Em comemoração aos 40 anos de Cem anos de solidão, de García Márquez, o Prof. Dr. Luiz Costa Lima, a pedido da IHU On-Line, escreveu o texto a seguir. Crítico de literatura e professor da Universidade Estadual do Rio de Janeiro e da Puc-Rio, Costa Lima é professor titular de literatura comparada, membro do setor de teoria da História da Puc Rio.
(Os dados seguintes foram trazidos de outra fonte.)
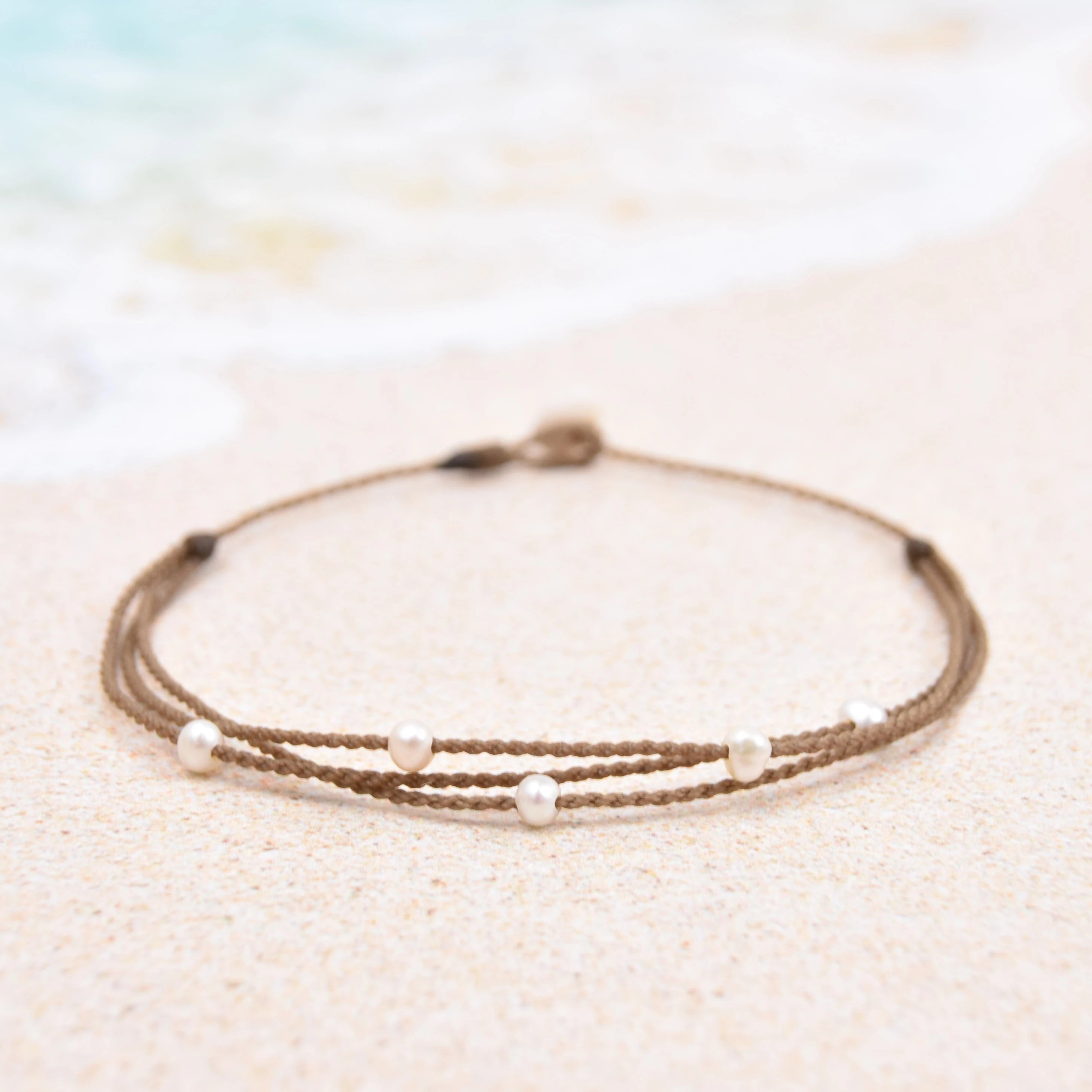 Tula Blue's waterproof Riptide anklet in white pearls. All the drama of a stack in one perfect anklet.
Entre os anos de 1984 e 1986 foi professor da University of Minnesota e professor visitante das Universidades de Stanford, Johns Hopkins, Montreal, Paris VIII, Católica do Chile (Santiago) e pesquisador do Zentrum für Literaratur- und Kulturforschung (Berlim).

Escreveu, entre outras, as obras Estruturalismo e teoria da literatura (Petrópolis: Vozes, 1973), A aguarrás do tempo (Rio de Janeiro: Rocco, 1989);  Lira e antilira: Mário, Drummond, Cabral (2. ed. Rio de Janeiro: Topbooks, 1995); Terra ignota: a construção de Os sertões (Rio de Janeiro: Civilização Brasileira, 1997); Mímesis – desafio ao pensamento (Rio de Janeiro: Civilização Brasileira, 2000); Intervenções (São Paulo: Edusp, 2002); Mímesis e modernidade: formas das sombras (2. ed. Rio de Janeiro: Graal, 2003) e Redemunho do horror: as margens do Ocidente (Rio de Janeiro: Planeta, 2003).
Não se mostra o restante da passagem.